Seanad debates

Thursday, 8 July 2004

Education for Persons with Special Educational Needs Bill 2003: Report and Final Stages.

 

3:00 pm

Photo of Ulick BurkeUlick Burke (Fine Gael)

I move amendment No. 7:

In page 21, between lines 43 and 44 to insert the following:

"(g) to ensure that teachers are trained to the highest international standards in special educational needs;".

The purpose of the amendment is to ensure teachers are trained to the highest international standards in special educational needs. To illustrate the current position in this regard, I will cite a letter from a school principal to which I referred on a previous occasion when the Minister of State, Deputy Brian Lenihan, was present. It highlights that, despite their best intentions and good will, the onus placed on teachers to deliver best quality education to children identified in schools as having special educational needs creates fear among many teachers delivering special needs.
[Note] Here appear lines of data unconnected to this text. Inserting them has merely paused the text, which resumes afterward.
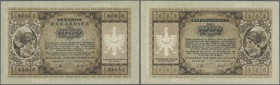 Yugoslavia: Hranilnica Ljubljanske Pokrajine / Sparkasse der Provinz Laibach 1000 Lir 1944, P.R24, tiny dint at lower left corner and soft edge bend a...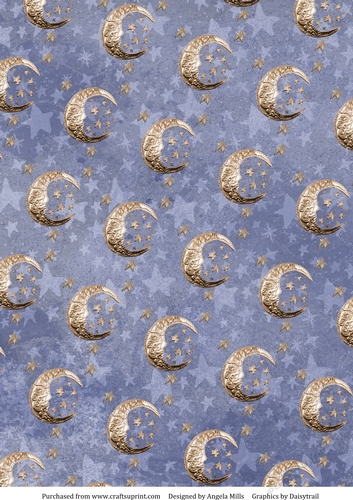 A4 Paper Gold Moon Design on Lavender Starry Background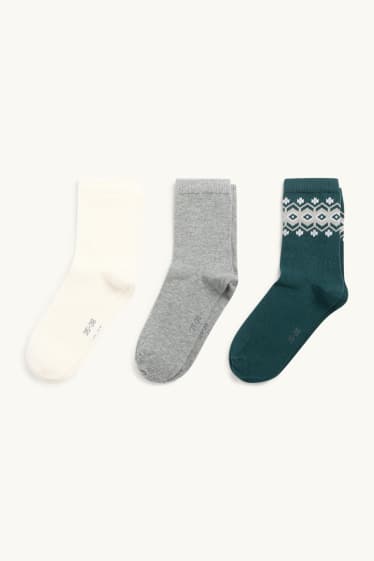 Donna - Confezione da 3 - calzini - verde scuro / grigio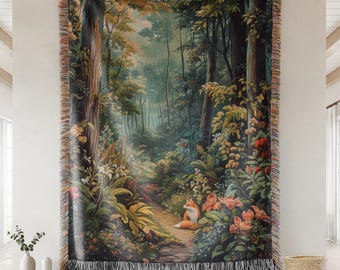 Enchanted Forest Fox Woven Blanket, Nature Tapestry Throw, Magical Woodland Scene, Forestcore Home & Rustic Decor, Rustic Cabin Home Decor
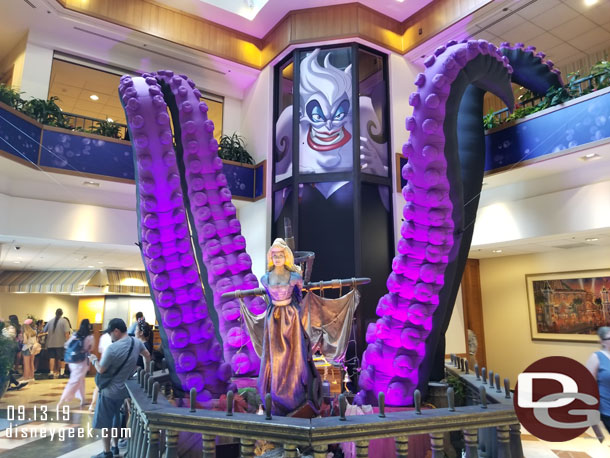 The lobby features Ursula for Halloween Time this year.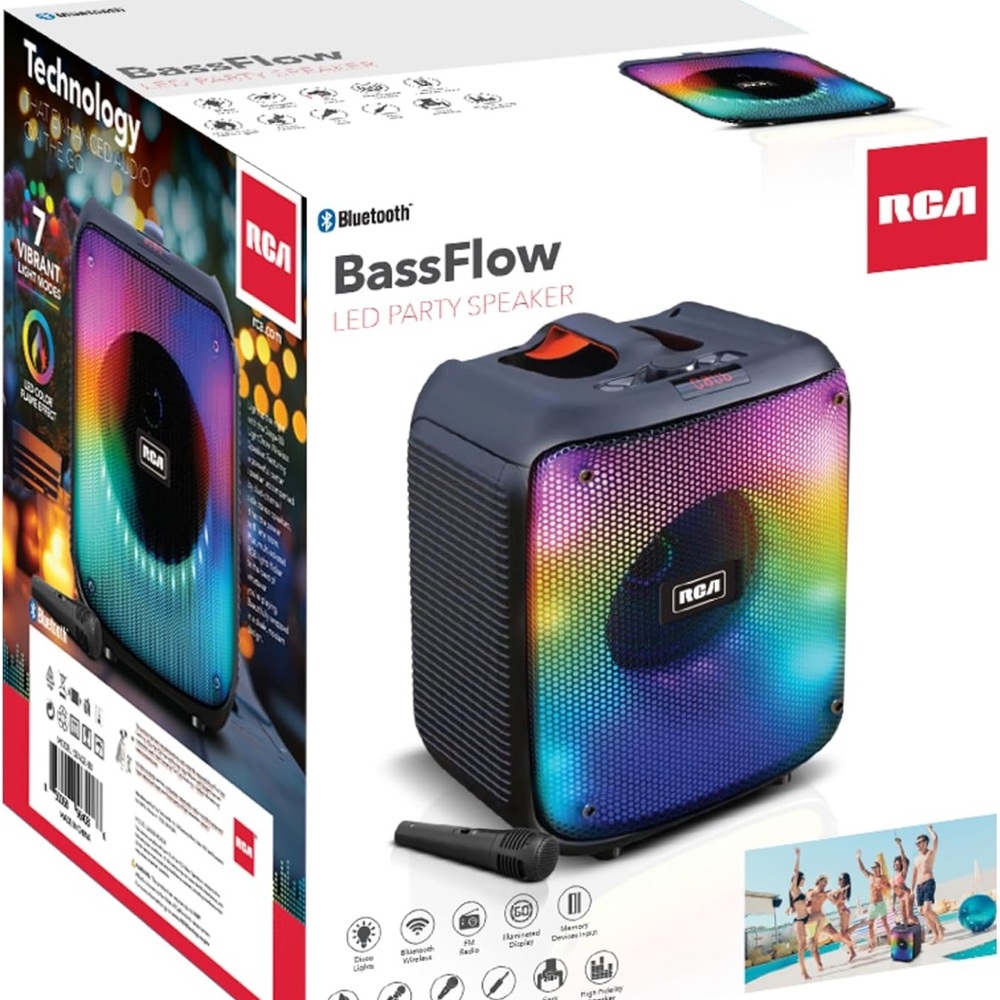 RCA BassFlow Bluetooth LED Speaker - Multicolor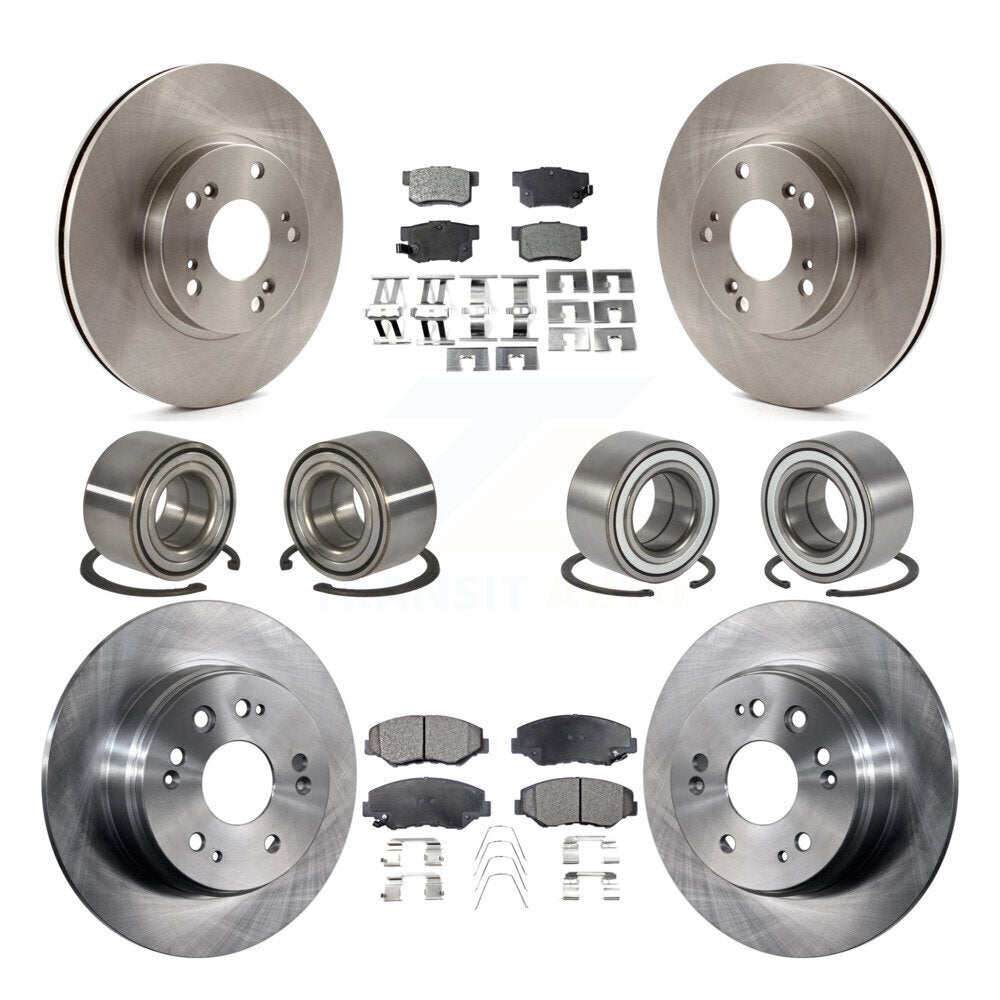 Bearings Disc Brake Rotors And Ceramic Pads Front Rear Kit (10Pc) For Honda CR-V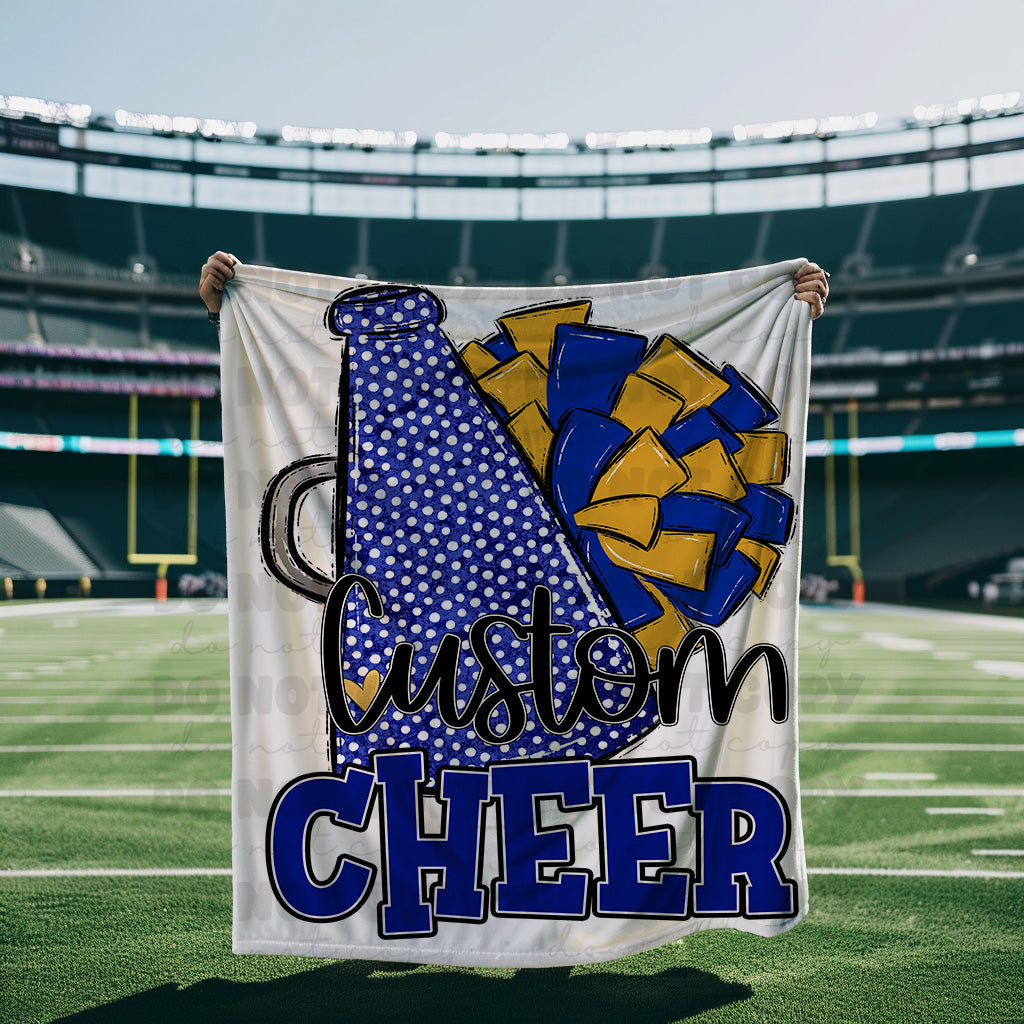 Royal and Gold Cheer Blanket Megaphone and Pom-Lovie T Designs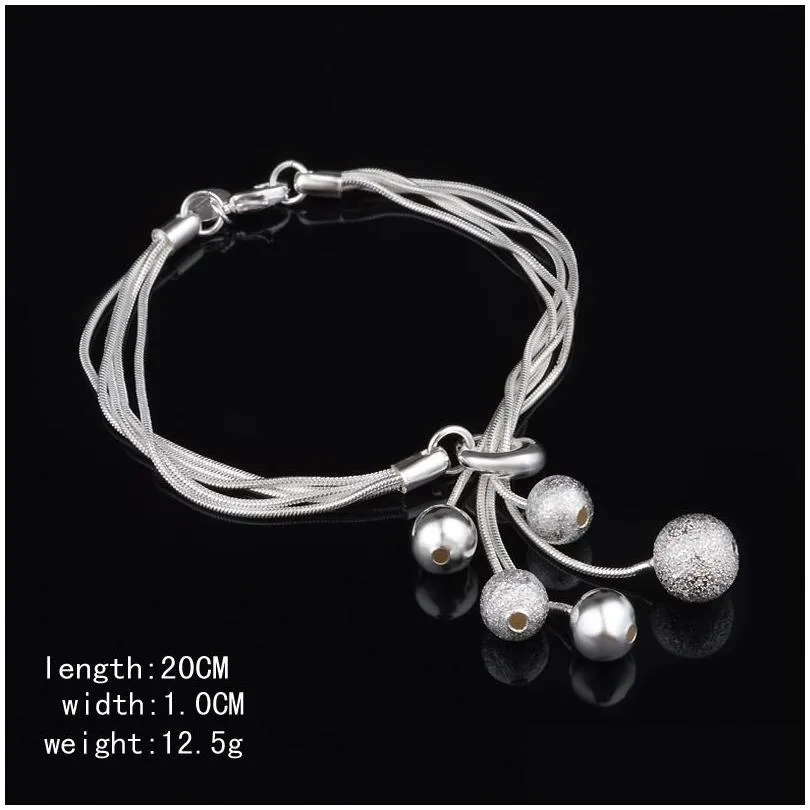 Chain Women Ball Designs Bracelets 925 Sterling Sier Plated Snake Chain Bracelet Fashion Jewelry Birthday Gift With Lobster Clasp And Dhot3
It states:

Ulick, what can a principal do when teachers come in tears to you because they perceive themselves as failing the Special Needs child? I know these teachers are doing an excellent job, but I can acknowledge their perception they have absolutely no training for dealing with children [with special needs].

When one considers that this is replicated in practically every primary school and secondary level school, it is clear we have a serious problem. Moreover, the current annual throughput of newly qualified special needs teachers is only 35.

The Department must provide much more extensive inservice training for teachers. This cannot be done on the cheap, as has been the case with the introduction of various new subjects to the curriculum in national and secondary schools. The approach taken in the past has created reluctance among many teachers to participate in inservice training. The Department must give a clear indication of a sea change in its approach to retraining, which has been inadequate.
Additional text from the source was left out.